Data to use:

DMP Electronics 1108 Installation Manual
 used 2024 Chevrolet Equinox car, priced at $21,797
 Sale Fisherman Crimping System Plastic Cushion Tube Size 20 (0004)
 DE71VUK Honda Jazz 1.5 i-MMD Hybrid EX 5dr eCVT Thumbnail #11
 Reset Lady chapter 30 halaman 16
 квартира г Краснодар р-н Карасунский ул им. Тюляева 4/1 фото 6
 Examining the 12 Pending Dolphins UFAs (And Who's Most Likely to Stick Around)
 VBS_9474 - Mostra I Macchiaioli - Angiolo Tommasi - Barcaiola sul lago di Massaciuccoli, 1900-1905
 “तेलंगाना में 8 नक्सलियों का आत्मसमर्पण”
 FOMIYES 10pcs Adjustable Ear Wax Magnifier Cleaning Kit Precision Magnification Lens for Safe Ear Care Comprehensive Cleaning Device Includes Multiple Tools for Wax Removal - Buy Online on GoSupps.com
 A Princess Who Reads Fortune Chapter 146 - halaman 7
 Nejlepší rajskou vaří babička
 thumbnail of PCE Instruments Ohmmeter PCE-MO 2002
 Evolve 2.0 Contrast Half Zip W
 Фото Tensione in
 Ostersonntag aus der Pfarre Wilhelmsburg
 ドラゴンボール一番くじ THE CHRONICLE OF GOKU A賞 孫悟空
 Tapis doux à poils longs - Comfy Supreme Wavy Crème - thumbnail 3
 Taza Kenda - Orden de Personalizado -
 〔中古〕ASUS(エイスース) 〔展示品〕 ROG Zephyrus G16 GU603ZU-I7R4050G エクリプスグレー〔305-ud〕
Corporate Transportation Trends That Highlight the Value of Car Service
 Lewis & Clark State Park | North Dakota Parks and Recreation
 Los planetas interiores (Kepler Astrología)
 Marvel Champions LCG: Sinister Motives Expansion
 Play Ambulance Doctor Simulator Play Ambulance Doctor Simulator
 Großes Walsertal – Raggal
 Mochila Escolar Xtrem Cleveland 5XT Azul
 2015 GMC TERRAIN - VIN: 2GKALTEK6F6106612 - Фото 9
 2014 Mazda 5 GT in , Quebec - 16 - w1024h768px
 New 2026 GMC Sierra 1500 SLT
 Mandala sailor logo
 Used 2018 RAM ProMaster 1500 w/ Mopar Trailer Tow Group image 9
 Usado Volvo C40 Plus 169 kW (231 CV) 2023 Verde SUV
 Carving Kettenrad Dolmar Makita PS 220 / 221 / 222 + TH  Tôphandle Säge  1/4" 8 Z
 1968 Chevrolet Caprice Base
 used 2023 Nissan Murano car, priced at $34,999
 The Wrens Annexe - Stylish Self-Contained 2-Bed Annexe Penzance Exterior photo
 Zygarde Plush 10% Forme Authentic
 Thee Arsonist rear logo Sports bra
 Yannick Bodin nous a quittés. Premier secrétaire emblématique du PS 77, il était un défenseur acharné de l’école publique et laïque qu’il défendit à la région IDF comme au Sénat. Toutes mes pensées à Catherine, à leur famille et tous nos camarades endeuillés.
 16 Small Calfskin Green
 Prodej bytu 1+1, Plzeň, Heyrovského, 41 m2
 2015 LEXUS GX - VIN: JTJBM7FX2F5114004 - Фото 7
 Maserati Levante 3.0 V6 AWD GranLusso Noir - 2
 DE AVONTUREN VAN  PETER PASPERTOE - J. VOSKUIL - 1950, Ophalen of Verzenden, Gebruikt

What you should do: Print out the entire listing above without any change.

Exercise solution:
DMP Electronics 1108 Installation Manual
 used 2024 Chevrolet Equinox car, priced at $21,797
 Sale Fisherman Crimping System Plastic Cushion Tube Size 20 (0004)
 DE71VUK Honda Jazz 1.5 i-MMD Hybrid EX 5dr eCVT Thumbnail #11
 Reset Lady chapter 30 halaman 16
 квартира г Краснодар р-н Карасунский ул им. Тюляева 4/1 фото 6
 Examining the 12 Pending Dolphins UFAs (And Who's Most Likely to Stick Around)
 VBS_9474 - Mostra I Macchiaioli - Angiolo Tommasi - Barcaiola sul lago di Massaciuccoli, 1900-1905
 “तेलंगाना में 8 नक्सलियों का आत्मसमर्पण”
 FOMIYES 10pcs Adjustable Ear Wax Magnifier Cleaning Kit Precision Magnification Lens for Safe Ear Care Comprehensive Cleaning Device Includes Multiple Tools for Wax Removal - Buy Online on GoSupps.com
 A Princess Who Reads Fortune Chapter 146 - halaman 7
 Nejlepší rajskou vaří babička
 thumbnail of PCE Instruments Ohmmeter PCE-MO 2002
 Evolve 2.0 Contrast Half Zip W
 Фото Tensione in
 Ostersonntag aus der Pfarre Wilhelmsburg
 ドラゴンボール一番くじ THE CHRONICLE OF GOKU A賞 孫悟空
 Tapis doux à poils longs - Comfy Supreme Wavy Crème - thumbnail 3
 Taza Kenda - Orden de Personalizado -
 〔中古〕ASUS(エイスース) 〔展示品〕 ROG Zephyrus G16 GU603ZU-I7R4050G エクリプスグレー〔305-ud〕
Corporate Transportation Trends That Highlight the Value of Car Service
 Lewis & Clark State Park | North Dakota Parks and Recreation
 Los planetas interiores (Kepler Astrología)
 Marvel Champions LCG: Sinister Motives Expansion
 Play Ambulance Doctor Simulator Play Ambulance Doctor Simulator
 Großes Walsertal – Raggal
 Mochila Escolar Xtrem Cleveland 5XT Azul
 2015 GMC TERRAIN - VIN: 2GKALTEK6F6106612 - Фото 9
 2014 Mazda 5 GT in , Quebec - 16 - w1024h768px
 New 2026 GMC Sierra 1500 SLT
 Mandala sailor logo
 Used 2018 RAM ProMaster 1500 w/ Mopar Trailer Tow Group image 9
 Usado Volvo C40 Plus 169 kW (231 CV) 2023 Verde SUV
 Carving Kettenrad Dolmar Makita PS 220 / 221 / 222 + TH  Tôphandle Säge  1/4" 8 Z
 1968 Chevrolet Caprice Base
 used 2023 Nissan Murano car, priced at $34,999
 The Wrens Annexe - Stylish Self-Contained 2-Bed Annexe Penzance Exterior photo
 Zygarde Plush 10% Forme Authentic
 Thee Arsonist rear logo Sports bra
 Yannick Bodin nous a quittés. Premier secrétaire emblématique du PS 77, il était un défenseur acharné de l’école publique et laïque qu’il défendit à la région IDF comme au Sénat. Toutes mes pensées à Catherine, à leur famille et tous nos camarades endeuillés.
 16 Small Calfskin Green
 Prodej bytu 1+1, Plzeň, Heyrovského, 41 m2
 2015 LEXUS GX - VIN: JTJBM7FX2F5114004 - Фото 7
 Maserati Levante 3.0 V6 AWD GranLusso Noir - 2
 DE AVONTUREN VAN  PETER PASPERTOE - J. VOSKUIL - 1950, Ophalen of Verzenden, Gebruikt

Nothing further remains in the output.